NREL's pilot plant has been serving the lab for more than a decade and researchers have made significant discoveries along the way. But, putting that new-found knowledge to the test was becoming a challenge. "Our existing pilot plant was at capacity, we no longer had room to add equipment," NREL Manager for Bioprocess Integration R&D Dan Schell said. "We've learned a lot over the years but didn't have the capacity to expand the pilot plant and add more equipment or newer cost-effective technology."
Flexible Facility Welcomes Many Treatments
Taking that as a lesson learned, flexibility has become a key word when NREL staff discuss the capabilities of the IBRF.
"We looked at how could we upgrade the pretreatment systems to meet current and future needs and test a wider range of or reaction conditions?" Schell added. "The new system can operate at residence times as low as several minutes up to two hours. This gives us the ability to support a wide range of pretreatment catalyst options, including dilute acid and alkaline treatments."
Researchers also can use the IBRF to conduct high solid enzymatic hydrolysis. The ability to test biochemical processes using high solids is a key metric for increasing biofuel concentrations and decreasing production costs.

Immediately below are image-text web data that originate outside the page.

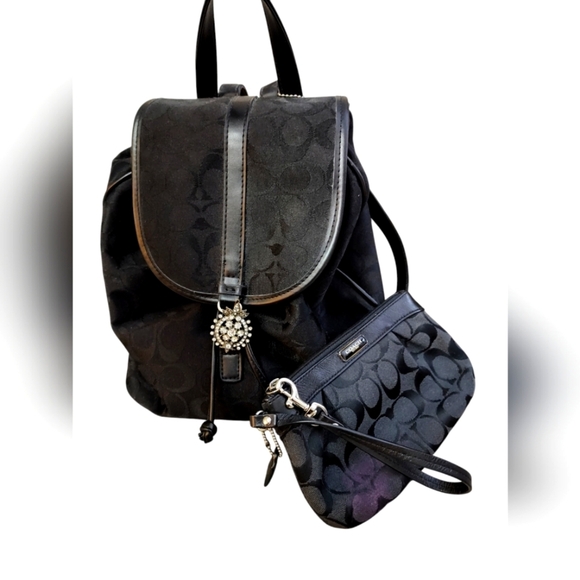 Women’s Signature Coach mini backpack & zipper case - Picture 1 of 7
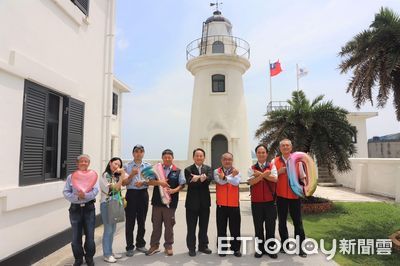 守望福爾摩沙美麗之島　港務公司慰勞北部燈塔及航管人員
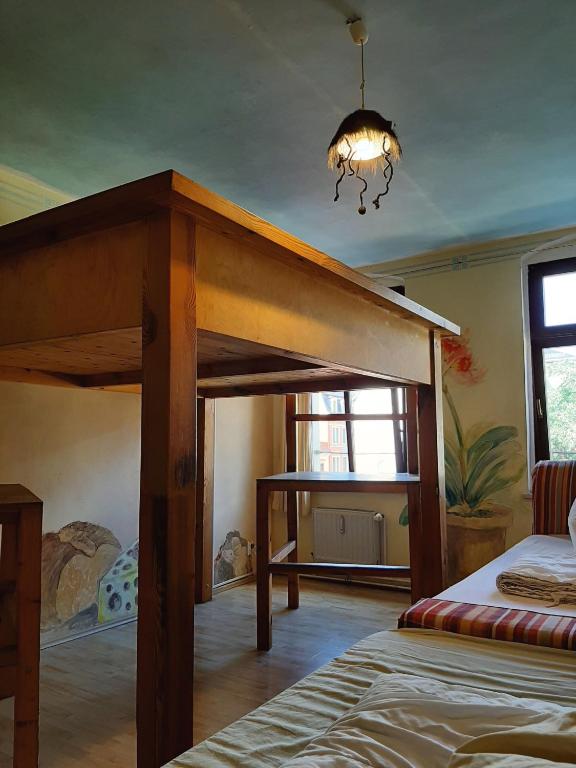 Postel nebo postele na pokoji v ubytování Hostel Lollis Homestay Dresden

"In the IBRF, we have two large batch mixers that perform high solid enzymatic hydrolysis," Schell said. "Once we liquefy the biomass in the high solids reactors, we can pump it into a conventional stirred tank reactor and finish converting biomass to sugars. This gives us the capability to perform enzymatic hydrolysis at commercially relevant solids levels."
Although research in cellulosic ethanol derived from corn stover - the stalks, leaves and cobs - is a focus for research at NREL, the new capabilities of the IBRF open the doors to all types of fuels research. "The IBRF is not restricted to one end fuel," Ashworth said. "The technology here will work just fine if someone wants to make butanol or take lignocellulose and go to jet fuel or diesel. All of these technologies on the biochemical side use pretty much the same front-end pretreatment and enzymatic hydrolysis equipment."